Saw this particular statement from my lectures
$\frac{(n-p)s^2}{\sigma^2} \sim \chi^2$ then $(n-p)s^2 \sim \sigma^2 \chi^2$
My first question was what does $\sigma \chi^2$ even mean?
Secondly, why are we able to just multiplying both sides by $\sigma^2?$ Are we just treating $\sim $ like an $=$ sign? If so, why?

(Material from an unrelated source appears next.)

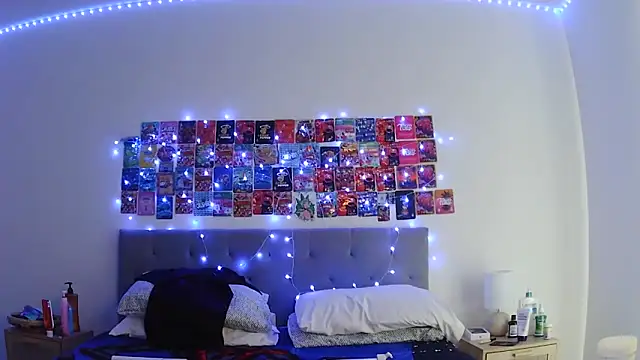 risktakinndolo online show from December 2025 04:48:02 PM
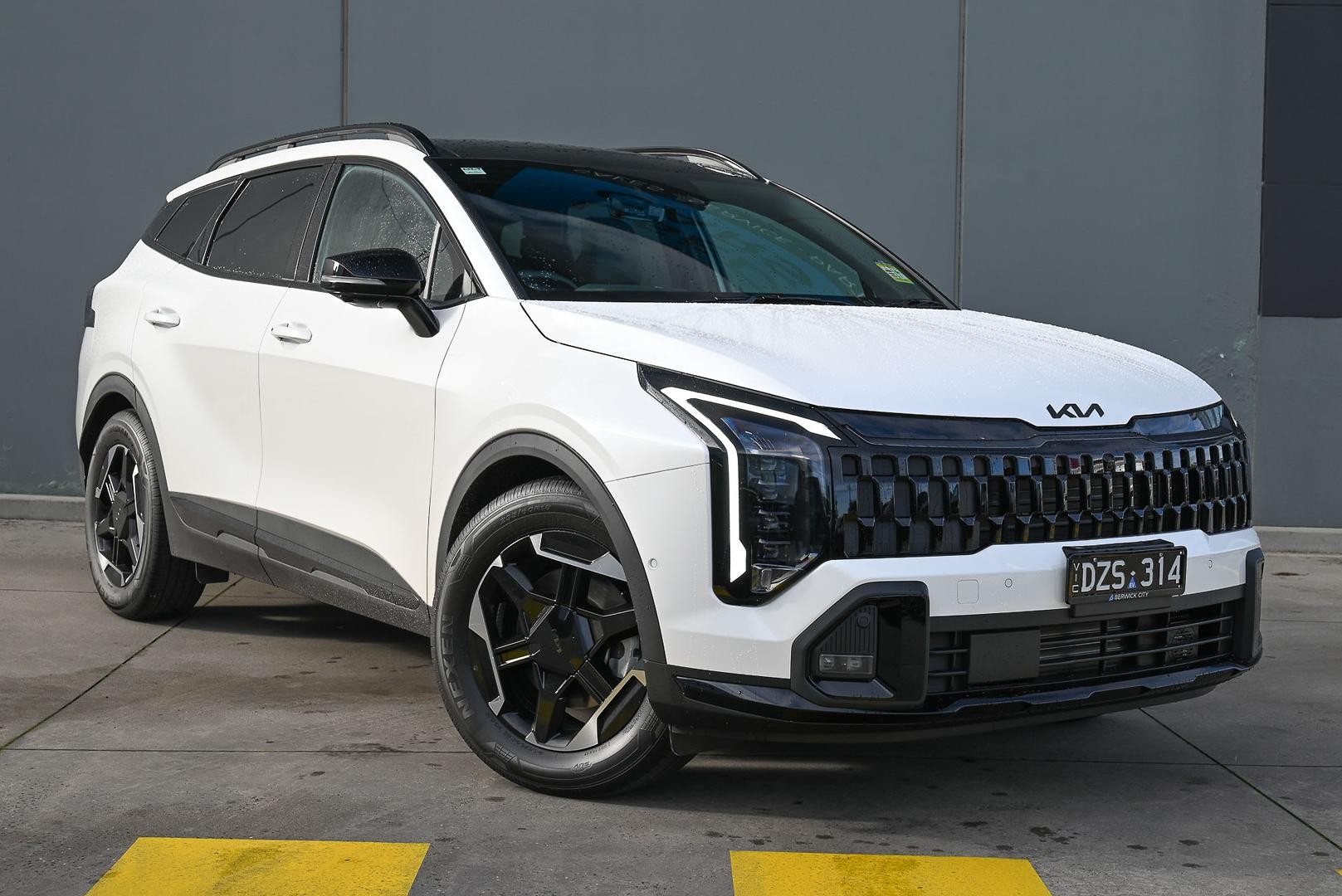 Kia Sportage image 1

I think your confusion arises from what can be considered an abuse of notation in the equation you quote. If you treat $ \chi^2 $ as a random variable, then the relation makes sense because for any two random variables $X,Y$ on the same probability space $\left(\Omega,\mathcal{F},P\right)$ if $X\sim Y$ then $f(X)\sim f(Y)$ for any Borel-measurable function $f$. To see this, let $S \in \mathcal{B}\left(\mathbb{R}\right)$, that is, let $S$ be a Borel set in $\mathbb{R}$ and observe that $$P(f(X)\in S) = P(X \in f^{-1}(S)) = P(Y \in f^{-1}(S)) = P(f(Y)\in S)$$ where the second equality follows from the fact that $X,Y$ are identically distributed. While I am being precise and using the language of measure theory, the basic idea is very simple and the measurability condition is usually satisfied by most functions. In particular, it is satisfied by $f(x) = \sigma x$